◆ What you are asked to do ◆
Look below for the line with "White boyshort underwear"; begin the copy there and stop after the line with "Ishvika- Green Three-Layer", keeping the text exact and the pictures out.

◆ Dataset entries ◆

Content starts

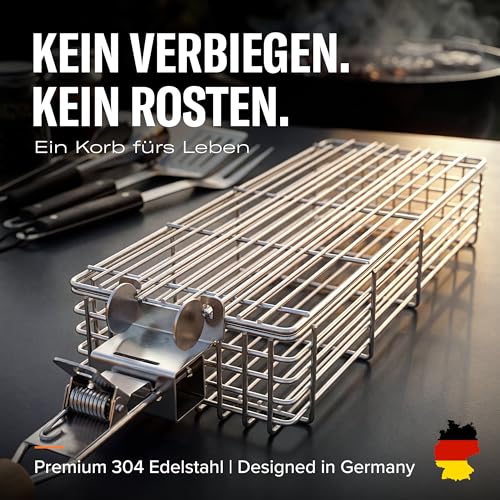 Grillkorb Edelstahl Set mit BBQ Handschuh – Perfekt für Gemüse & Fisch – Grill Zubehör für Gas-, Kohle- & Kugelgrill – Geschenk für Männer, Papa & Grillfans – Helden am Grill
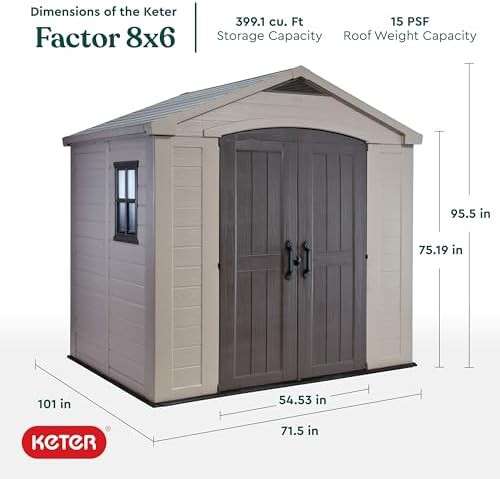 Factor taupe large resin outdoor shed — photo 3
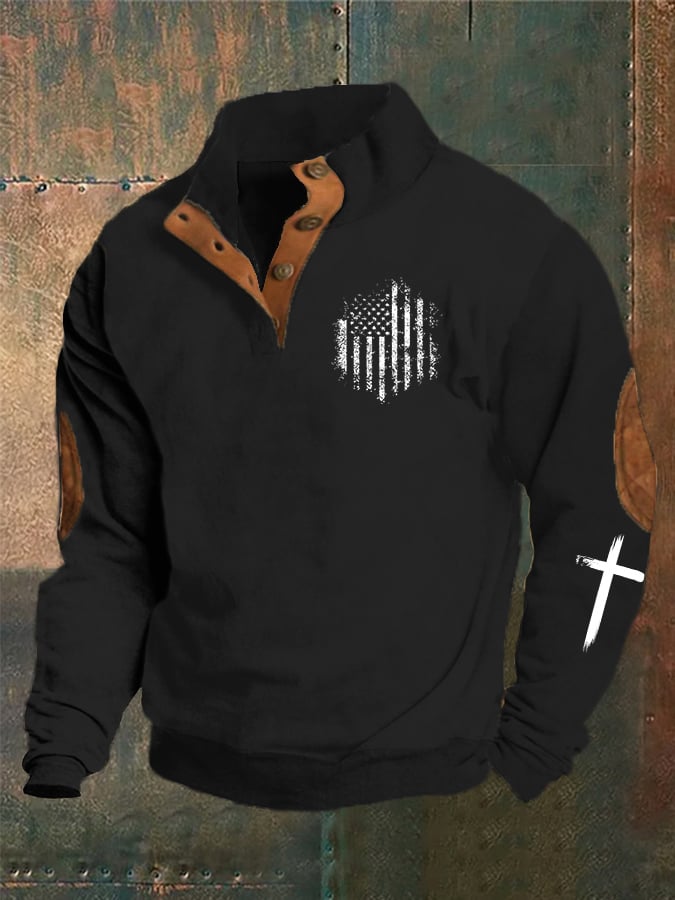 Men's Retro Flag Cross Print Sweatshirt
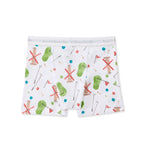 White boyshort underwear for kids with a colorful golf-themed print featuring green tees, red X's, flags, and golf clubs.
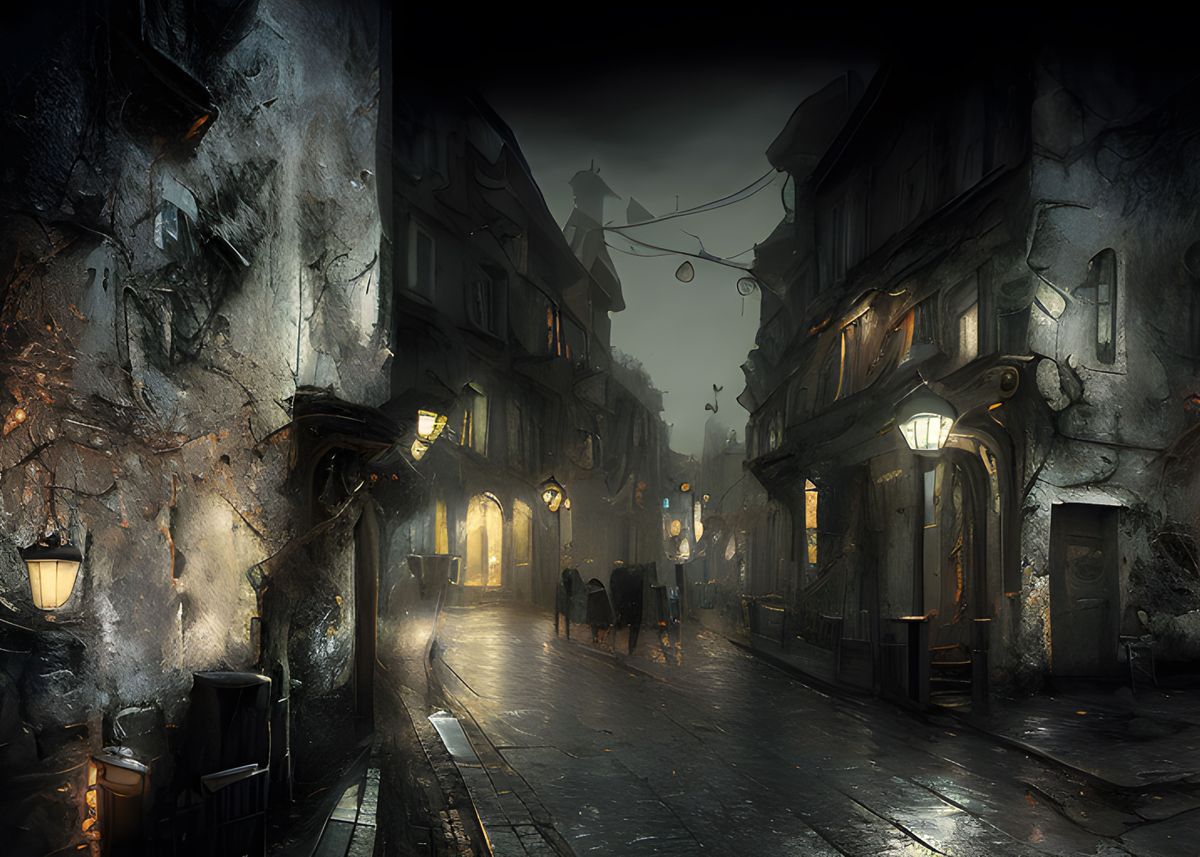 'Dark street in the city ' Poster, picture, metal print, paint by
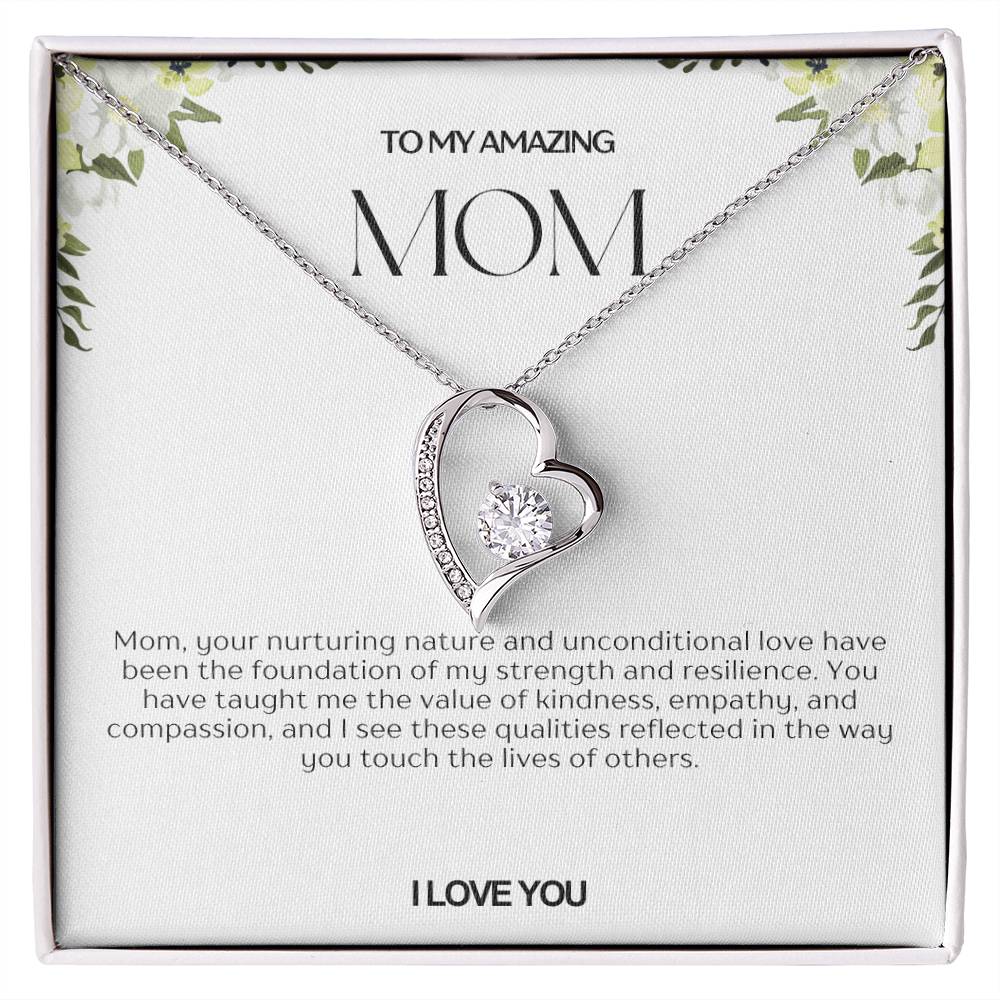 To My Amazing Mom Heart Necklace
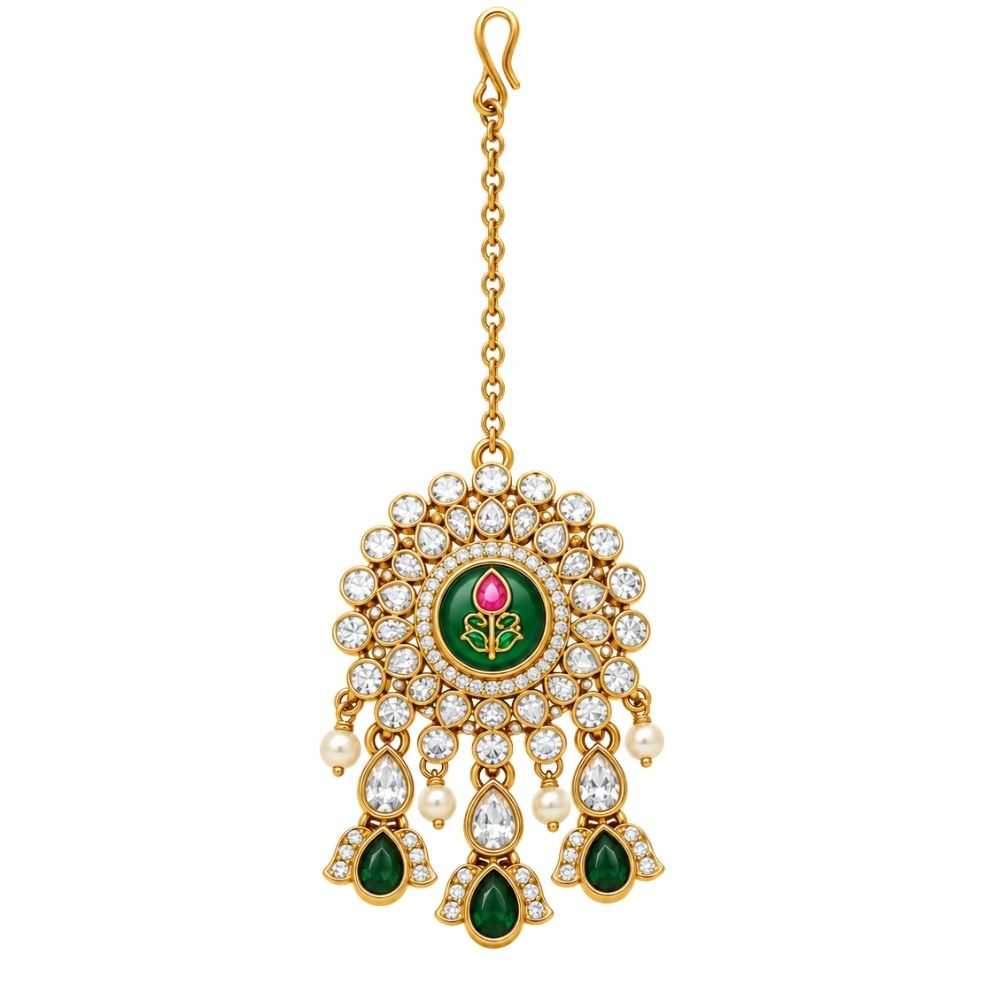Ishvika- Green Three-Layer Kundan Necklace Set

Content ends
Content starts

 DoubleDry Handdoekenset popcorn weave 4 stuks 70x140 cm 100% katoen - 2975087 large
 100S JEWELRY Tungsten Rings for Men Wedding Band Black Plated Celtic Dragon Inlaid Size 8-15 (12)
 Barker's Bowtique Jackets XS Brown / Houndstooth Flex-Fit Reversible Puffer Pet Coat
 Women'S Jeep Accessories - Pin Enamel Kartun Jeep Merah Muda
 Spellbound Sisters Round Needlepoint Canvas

Content ends

◆ Result of the exercise ◆
 White boyshort underwear for kids with a colorful golf-themed print featuring green tees, red X's, flags, and golf clubs.
 'Dark street in the city ' Poster, picture, metal print, paint by
 To My Amazing Mom Heart Necklace
Ishvika- Green Three-Layer Kundan Necklace Set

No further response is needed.